Because if an element has an infinite number of successors, then one of those
produced after an infinite number of steps from the first, has an infinite
number of predecessors. If some element has n successors, then some other
element has n predecessors. Since there are no elements with an infinite number
of predecessors, and since an infinite number of successors of any given
element means that that element is an infinite predecessor to some other
element, there cannot be an infinite number of finite successors to any finite
natural.
>
> >The set of all elements leading up to ANY n
> >in N is FINITE.
>
> Everyone agrees with that.
>
> >There is NO element which, having been generated, is a member
> >of any infinite set of finite naturals.
>
> Everyone agrees with that.
>
> >Unless aleph_0 is the largest finite plus 1, and somehow infinite, if
> >aleph_0 is the size of the set of finite naturals, then it is finite.
>
> That is what people disagree with.

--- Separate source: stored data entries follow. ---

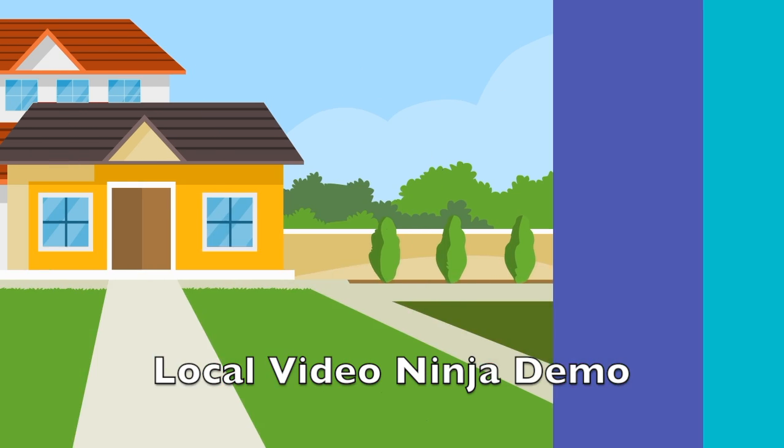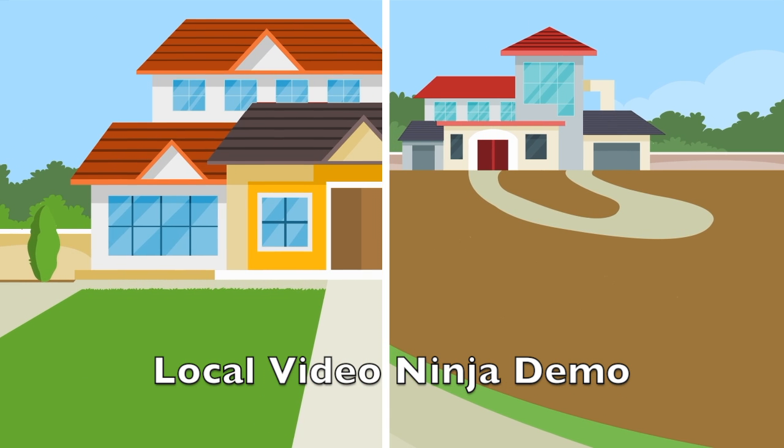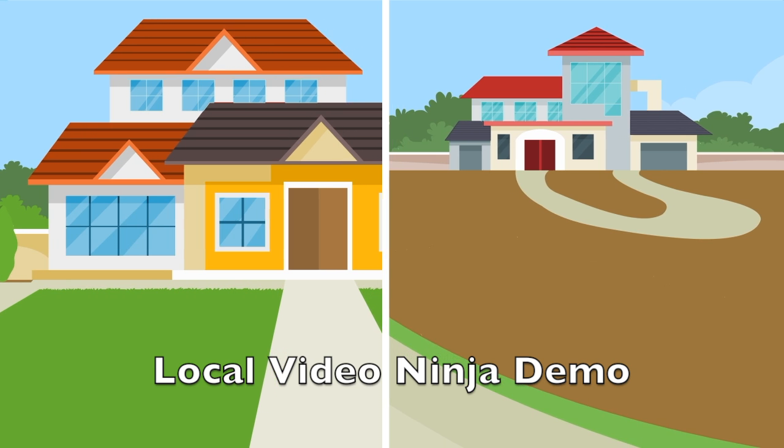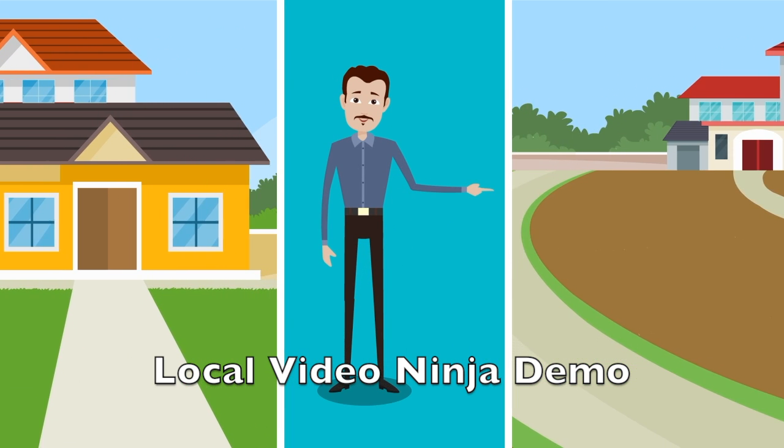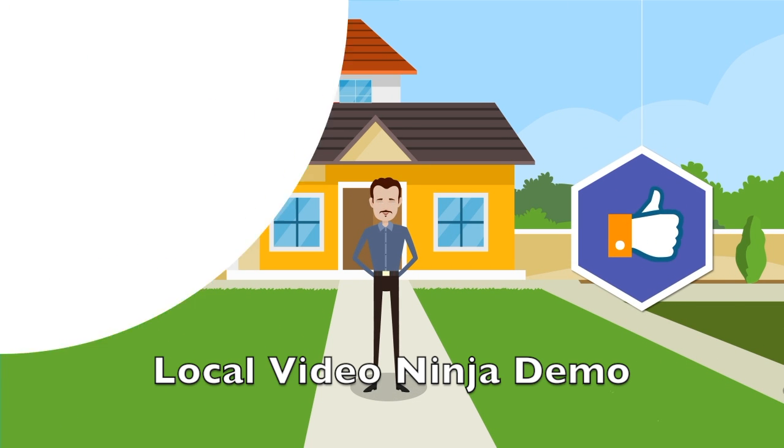Grass. It turns a house into a home and connects our modern lifestyles back to nature again. But it's usually more brown than green, and maintaining it — don't even go there. Seriously, don't go there. Like the saying goes, the grass is always greener on the other side.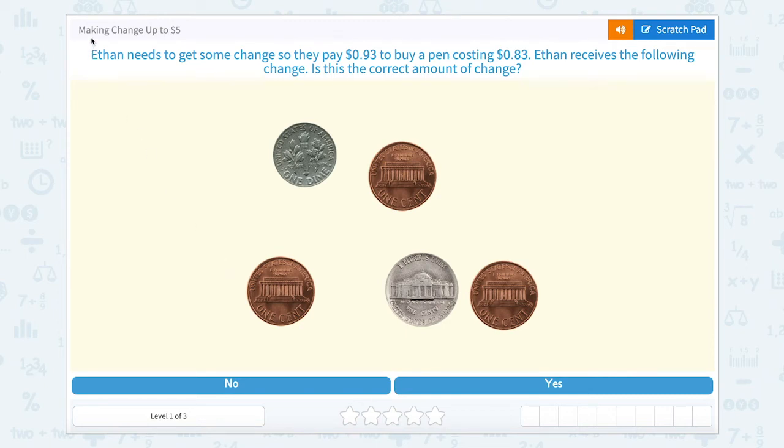Today we're going to work on making change up to five dollars. Let's read our first problem. Ethan needs to get some change — they pay 93 cents to buy a pen costing 83 cents. Ethan receives the following change. Is this the correct amount of change?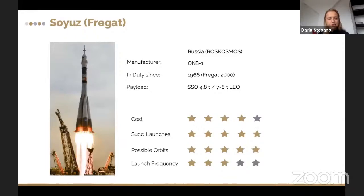Let's talk about rockets and launches. The first is the Soyuz with the Fregat upper stage, flying since 1966 — quite a long time — with the Fregat stage since 2000. Payload mass to sun-synchronous orbit can reach 4.8 tons, and up to 8 tons to LEO. It's quite cost-effective in terms of successful launches and possible orbits, though not as frequent as some satellite providers would prefer.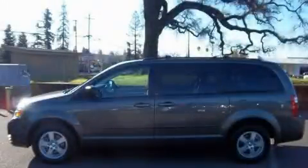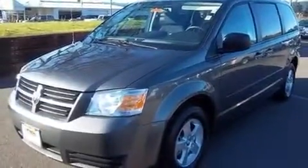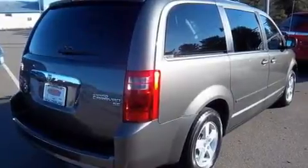This is a 2010 Dodge Grand Caravan — enough comfort and space for the entire family. It has a 3.3-liter six-cylinder engine and a four-speed automatic transmission.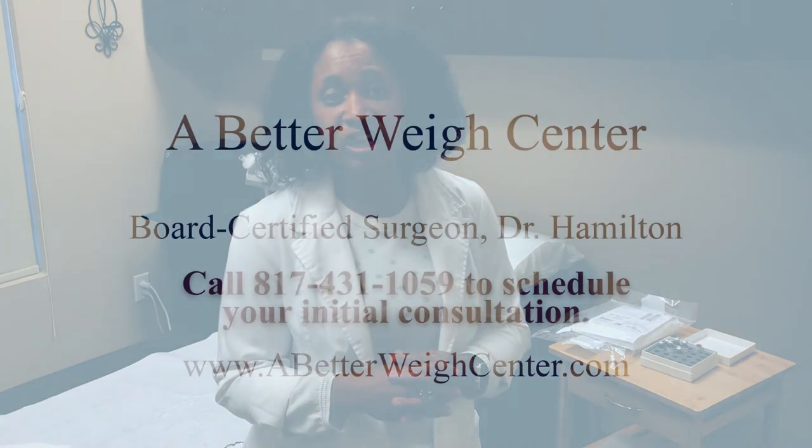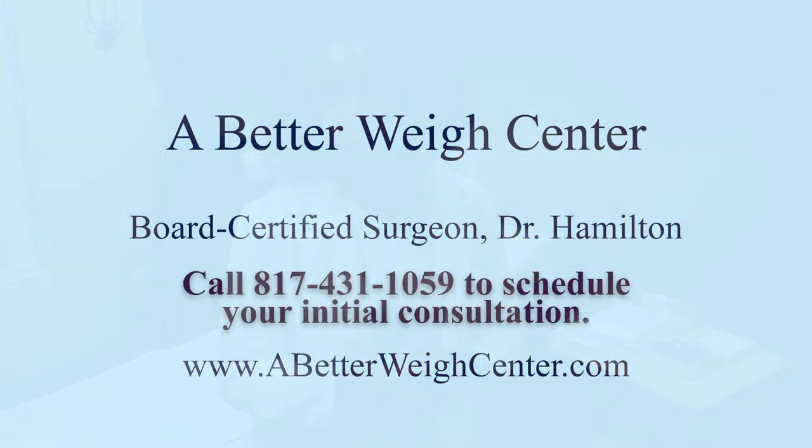For any other questions, give us a call today or shoot us an email. We'd love to educate you more on bioidentical hormone pellets.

Once again, if A_n = { 1, 2,... n }.
> Call a set an "initial segment" if it is any set of consecutive finite
> naturals starting with 1 (an initial segment need not have a largest
> element).
>
> You are saying
>
> "forall finite n, size(A_n) = the largest element of A_n"
>
> implies
>
> "forall A such A is an initial segment,
> if A has a size then size(A) = the largest element of A"
>
> Why do you think that implication holds? Is it an axiom, or does
> it follow from some more basic facts?
It follows from the definition of "=". If A=B, knowing the value of A gives the
value of B and vice versa. That's what equality is. So if the set size and
largest element are known to be equal, and we are given the value for one of
them, then that is also the value for the other. Equality is symmetrical. It's
not a one-way implication.
>
> --
> Daryl McCullough
> Ithaca, NY
>
>

--
Smiles,

Tony
.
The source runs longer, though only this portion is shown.